Segment Start: SOURCE MATERIAL

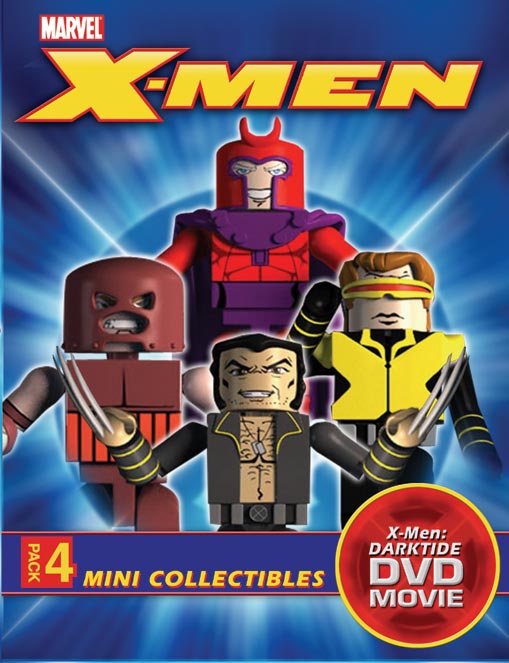 Marvel Minimates: X-Men - Darktide DVD Box Set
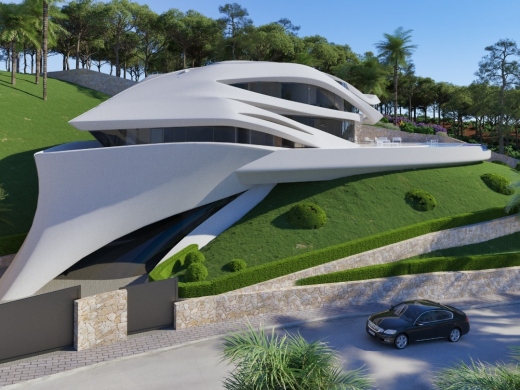 4 bed villa in Javea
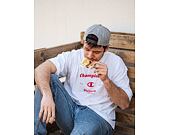 Triko Champion T T-Shirt Pizzeria 216429 WHT White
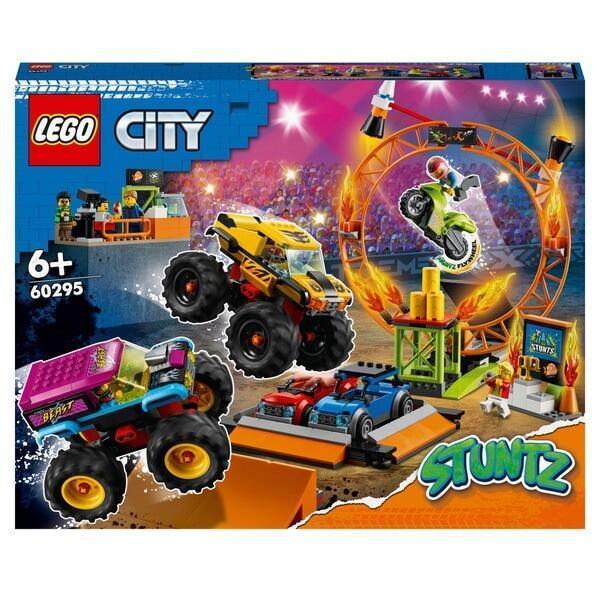 LEGO CITY 60295 Stuntz Stunt Show Arena & Monster Truck Toys Set - TOYBOX Toy Shop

Segment End: SOURCE MATERIAL

» PROBLEM STATEMENT
Repeat the data above word for word, without pictures.

» ANSWER AREA
 Marvel Minimates: X-Men - Darktide DVD Box Set
 4 bed villa in Javea
 Triko Champion T T-Shirt Pizzeria 216429 WHT White
 LEGO CITY 60295 Stuntz Stunt Show Arena & Monster Truck Toys Set - TOYBOX Toy Shop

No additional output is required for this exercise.